Content starts

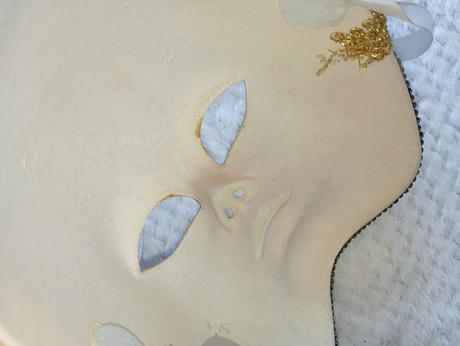 Benátska maska so zvončekmi, 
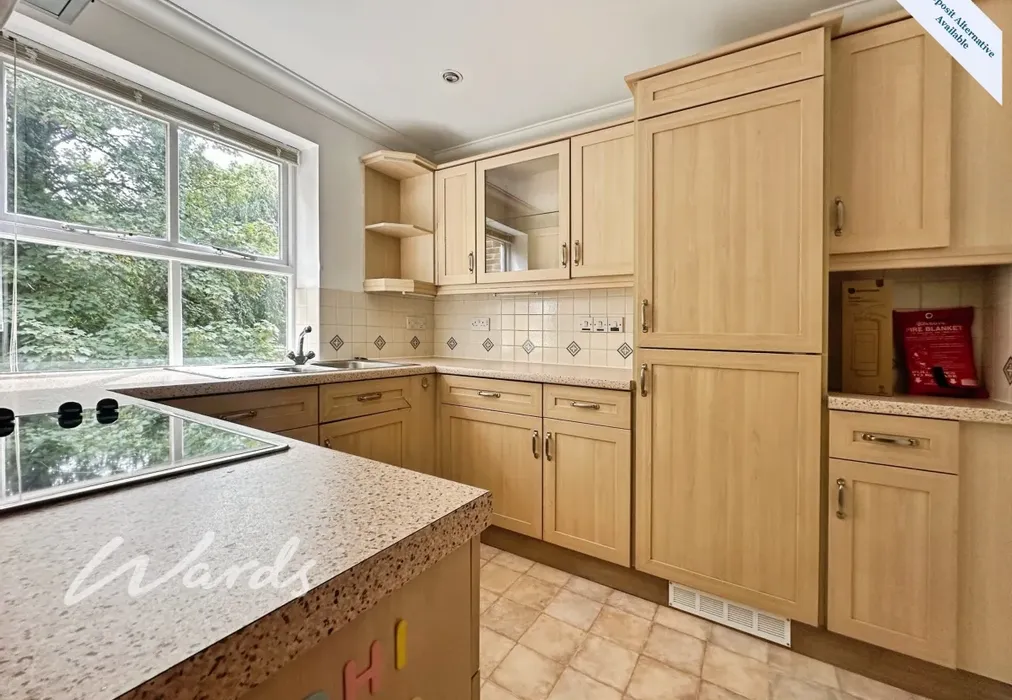 Kitchen - River Bank Close Maidstone ME15 - Wards of Kent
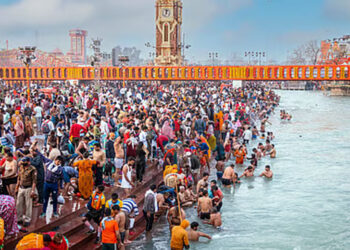 කුම්භමේලා උත්සවයේ තෙරපීමක්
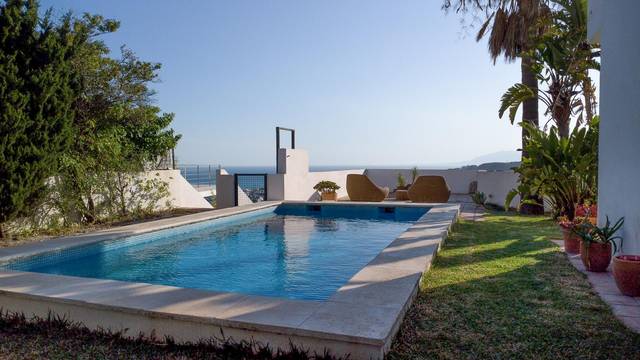 Casa-chalet en Venta en Calle Calle Venezuela en Añoreta Golf - Paraíso del Sol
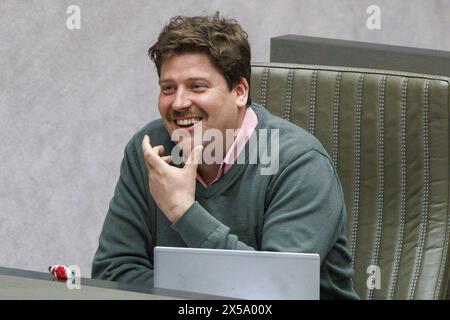 Brüssel, Belgien Mai 2024. Jeremie Vaneeckhout von Groen auf einer Plenartagung des flämischen Parlaments am Mittwoch, den 8. Mai 2024 in Brüssel. BELGA FOTO NICOLAS MAETERLINCK Credit: Belga News Agency/Alamy Live News Stockfoto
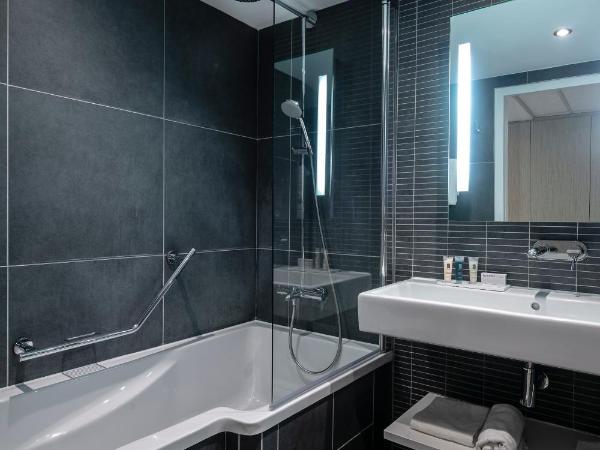 Thalazur Cabourg - Hôtel & Spa : photo 3 de la chambre chambre double deluxe - vue latérale sur mer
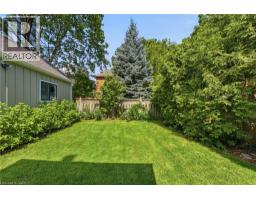 2 COTTAGE Avenue - 32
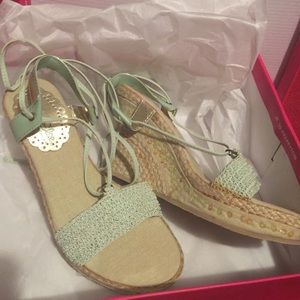 Brand new w/o tags mint green wedges!!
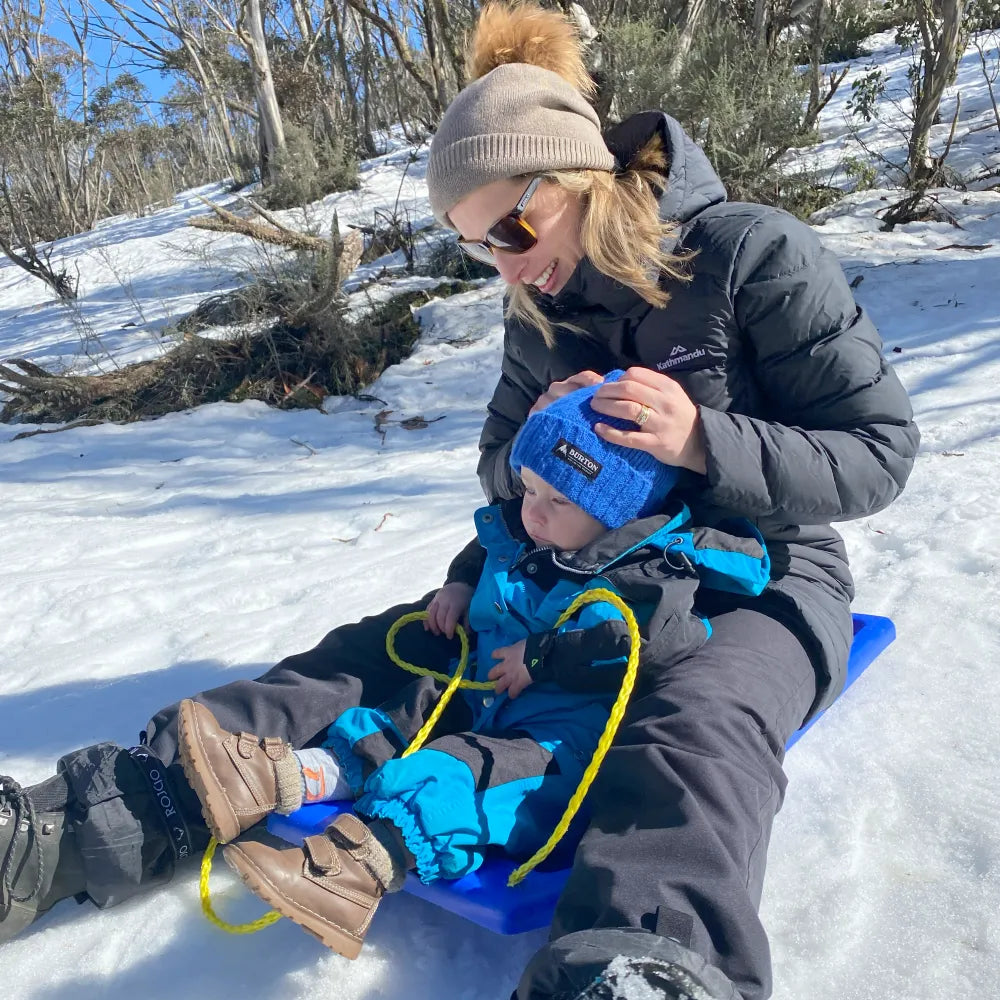 Tobogganning & Snowplay In the Snowy Mountains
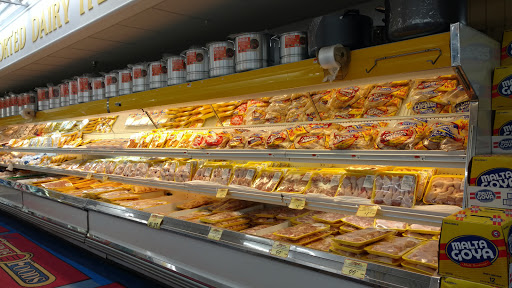 Supermarket «Compare Foods Supermarket», reviews and photos, 818 E Arrowood Rd, Charlotte, NC 28217, USA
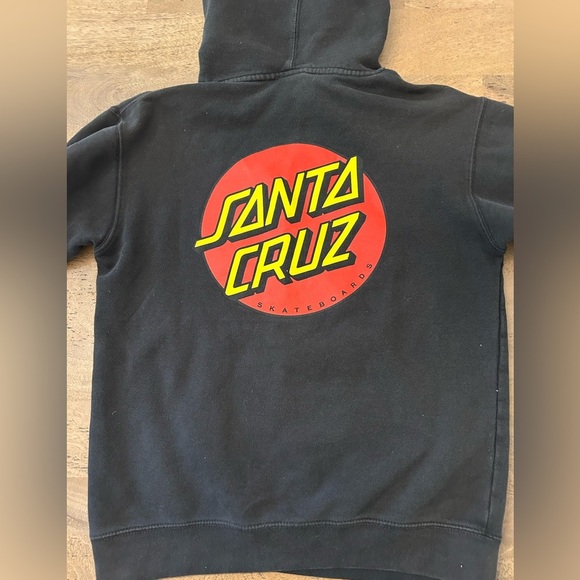 Vintage Santa Cruz Skateboards Hoodie with Logo - Picture 4 of 6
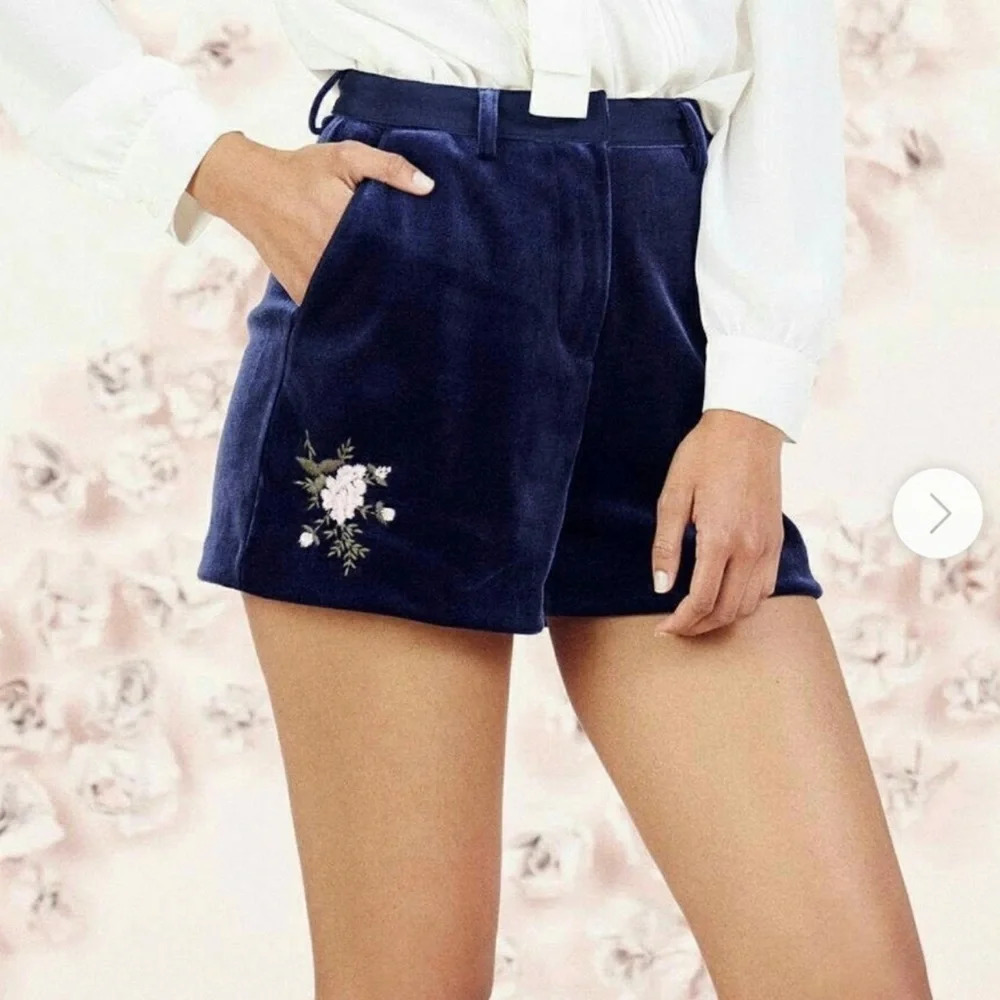 NWT Lauren Conrad Runway Limited Edition Blue High Rise Velour Shorts Size 12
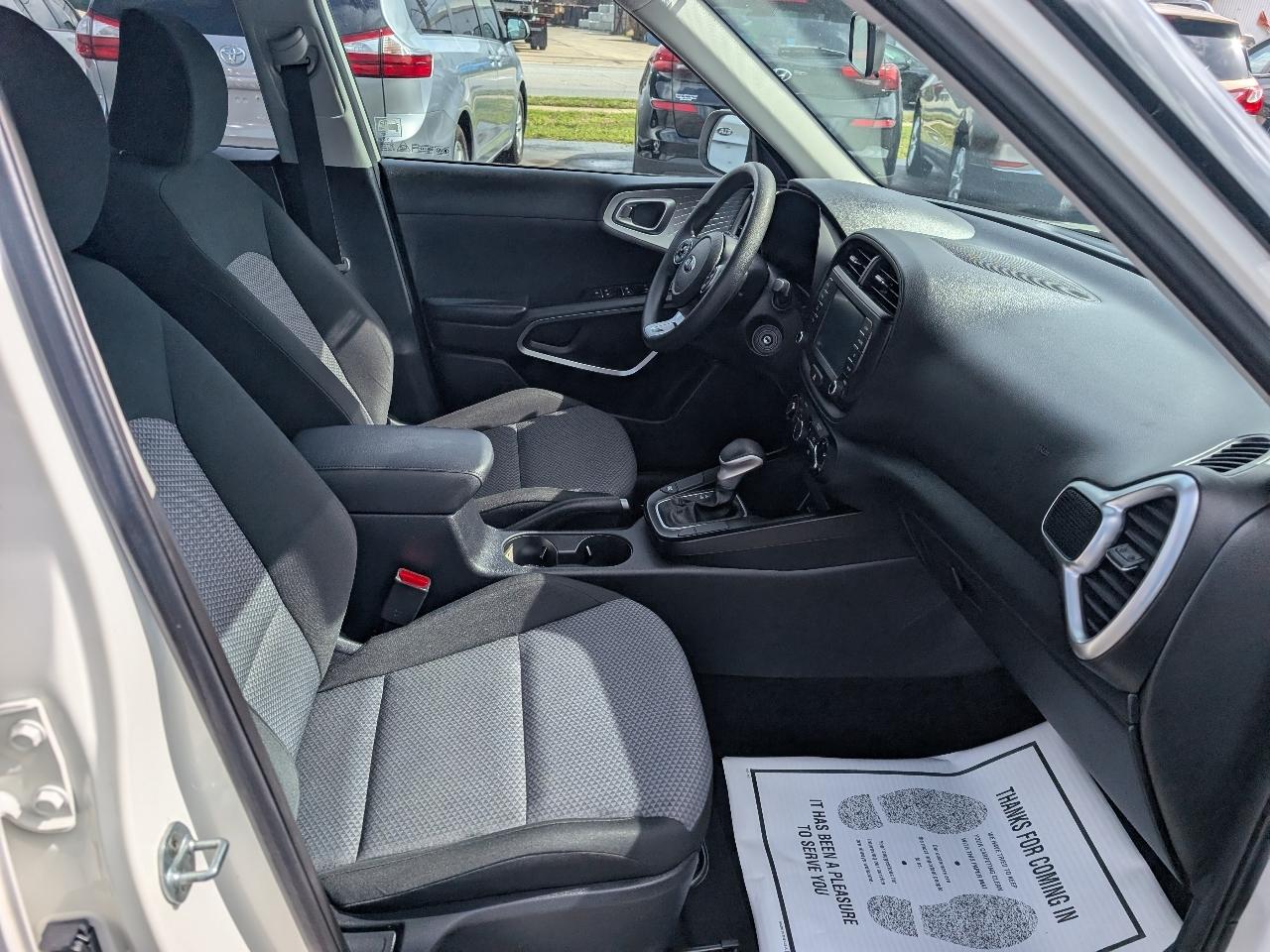 Kia Soul LX IVT 2021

Content ends

▶ [Work instruction]: Starting at the line that contains "NC 28217, USA", write out every line through the end of the entries, both ends included, without any pictures.

▶ [Your response]:
 Supermarket «Compare Foods Supermarket», reviews and photos, 818 E Arrowood Rd, Charlotte, NC 28217, USA
 Vintage Santa Cruz Skateboards Hoodie with Logo - Picture 4 of 6
 NWT Lauren Conrad Runway Limited Edition Blue High Rise Velour Shorts Size 12
 Kia Soul LX IVT 2021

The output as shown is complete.